Japa, Devotional Chanting, and Mantra


Blessings! I have a question about Japa practice. Is it best to chant the same mantra all the time. To find one that resonates within and chant only that. I find that I tend to want to chant certain mantras at certain times.

Om Guru.

—carrie, usa


Dear Carrie,

The terms japa, chanting, and mantra have different meanings. I thought to explain these differences before answering your question more specifically.

Japa means a continuous saying (out loud or mentally) of one of the names of God or Guru. Usually it is very short such as “Hare Krishna” or “Sri Ram, Jai Ram” – something like that.

For people on our path, Swami Kriyananda has recommended a very simple but powerful one for us to use: “Om Guru!”

A chant is a prayer or an affirmation set to music, such as “Door of my heart, open wide I keep for Thee…” or “Lord, I am Thine, be Thou mine!”

A mantra is a set of words (sounds), generally in Sanskrit, which contains specific powers or very high sound vibrations.

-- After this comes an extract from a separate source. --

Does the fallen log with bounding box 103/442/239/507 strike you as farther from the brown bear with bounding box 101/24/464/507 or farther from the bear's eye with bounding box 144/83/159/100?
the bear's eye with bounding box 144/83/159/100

An example would be “Hong-Sau” which is used in connection with observing the breath, in Yogananda’s path of Kriya Yoga.

Now to specifically answer your question: It is probably best for you to do that which seems to be helping you most at any particular time. However, switching around a lot might have the “down-side” of not letting you go really deep into any one japa phrase.

Certainly with chanting it’s fine to sing a chant which resonates with how you are feeling or what you are needing in your life at that time.